ATHENS – Greeks – in their usual contradictory way – say they are pessimistic about their future but 41 percent satisfied with their lives, a Eurobarometer poll has found.
The survey showed they were more unhappy in November than June even though Prime Minister Antonis Samaras said he’s created a “success story” and looming recovery from a crushing economic crisis and as crushing austerity measures have led to still near-record unemployment, deep poverty and lingering despair for many, apart from politicians, the rich and tax cheats.
The poll published on Dec. 17 showed that 75 percent of respondents reported the state of their household finances was “very bad,” up 8 percent from the summer survey and more than double the European Union average of 32 percent.

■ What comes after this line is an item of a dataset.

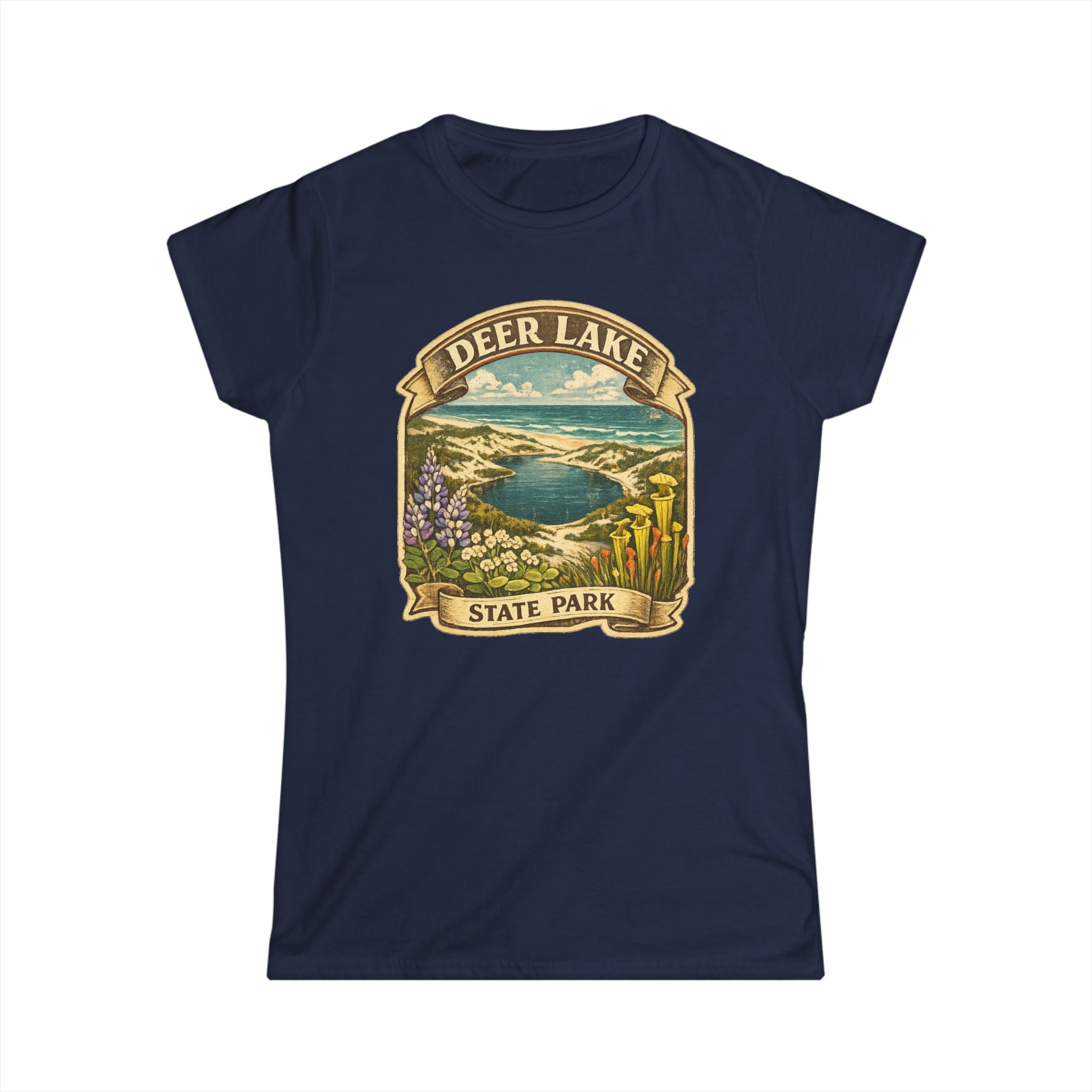 Deer Lake- Vintage Tee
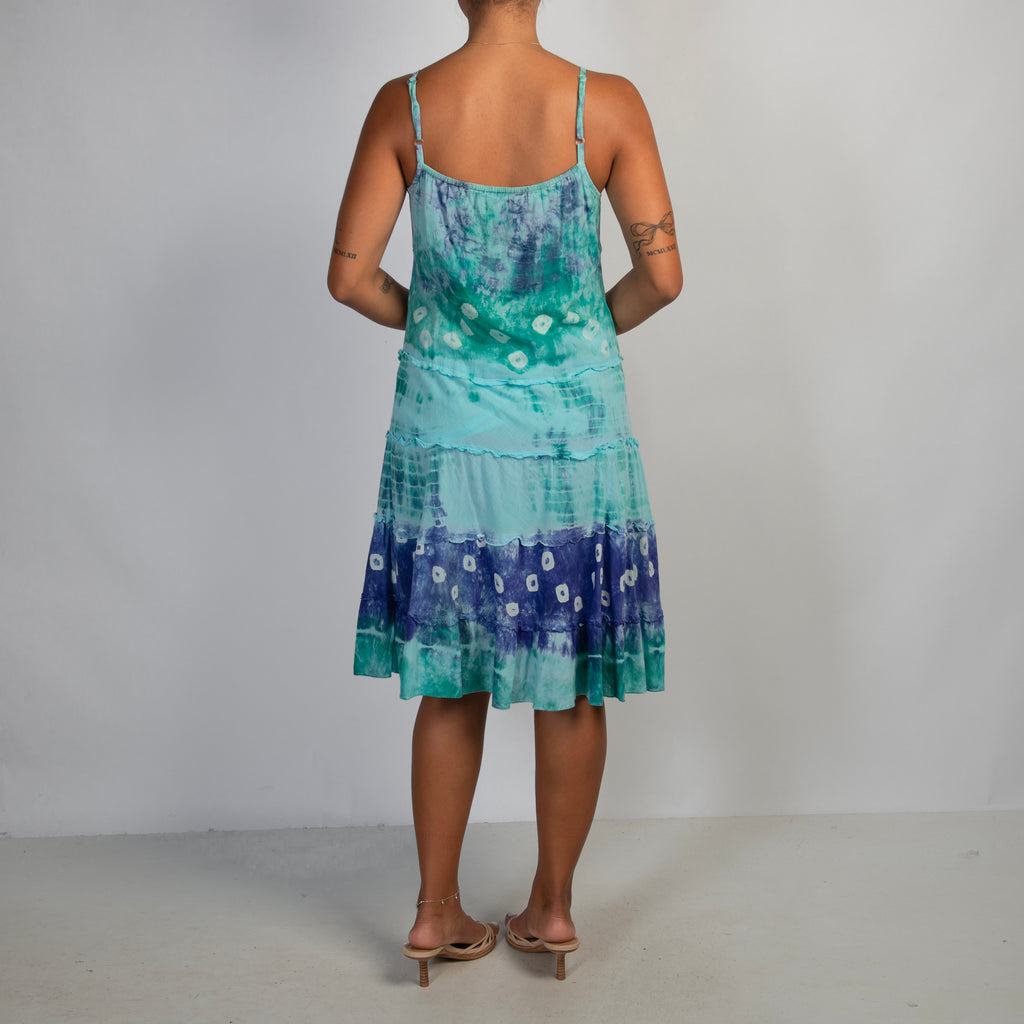 BLUE TIE DYE DRESS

Greeks are also unhappy with their jobs and prospects, though not much more so than the average European, with 98 percent saying the overall employment situation in the country is “bad” compared to an EU average of 73 percent. And 53 percent of Greeks find their current employment situation “bad” (EU average 25 percent).
Oddly, 5 percent fewer Greeks said they had lost faith in Samaras’ coalition of his New Democracy Conservatives and its partner the PASOK Socialists in the last five months even though political instability and the prospect of early national elections looms unless the government can get its candidate for Greek President elected by Parliament.
The situation is better, though not by much, in the rest of Europe, where an average of 29 percent of respondents backed their respective governments.
Pessimism was also very high across Europe, with only the Danish, Germans and Maltese appearing relatively satisfied. The Greeks, French and Spanish found the situation “very bad” at a rate of 98 percent.